■ **WORK INSTRUCTIONS**: Every line below from the one containing "Load image into" through the one containing "Magenta Banarasi Silk" must be transcribed exactly. Omit all lines outside that stretch.
RECORDS FOR THIS TASK Start Marker
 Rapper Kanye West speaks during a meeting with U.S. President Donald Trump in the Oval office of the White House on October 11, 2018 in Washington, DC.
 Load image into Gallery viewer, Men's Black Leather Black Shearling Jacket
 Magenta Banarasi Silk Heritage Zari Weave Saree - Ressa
RECORDS FOR THIS TASK End Marker
RECORDS FOR THIS TASK Start Marker
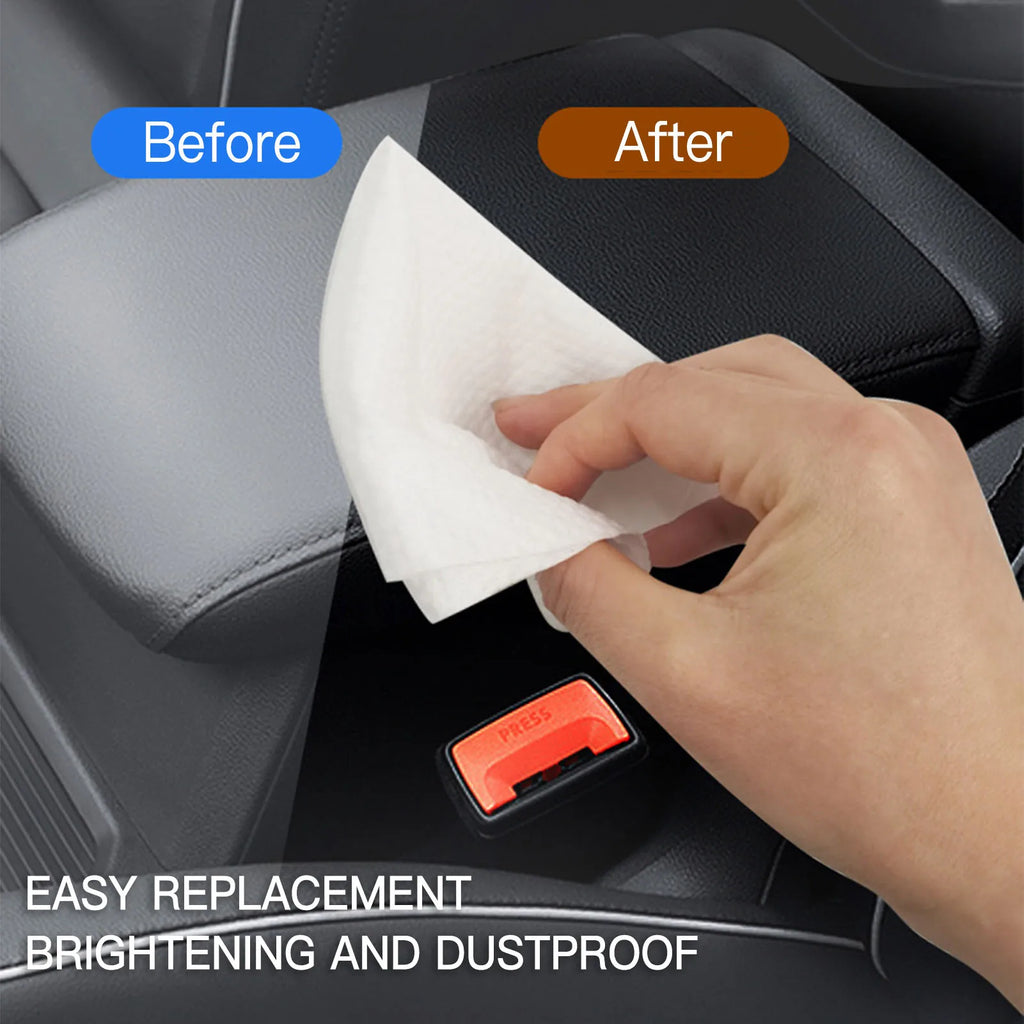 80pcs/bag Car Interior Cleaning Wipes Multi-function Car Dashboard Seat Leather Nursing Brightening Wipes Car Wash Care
RECORDS FOR THIS TASK End Marker
■ **RESPONSE TO THE EXERCISE**:
 Load image into Gallery viewer, Men's Black Leather Black Shearling Jacket
 Magenta Banarasi Silk Heritage Zari Weave Saree - Ressa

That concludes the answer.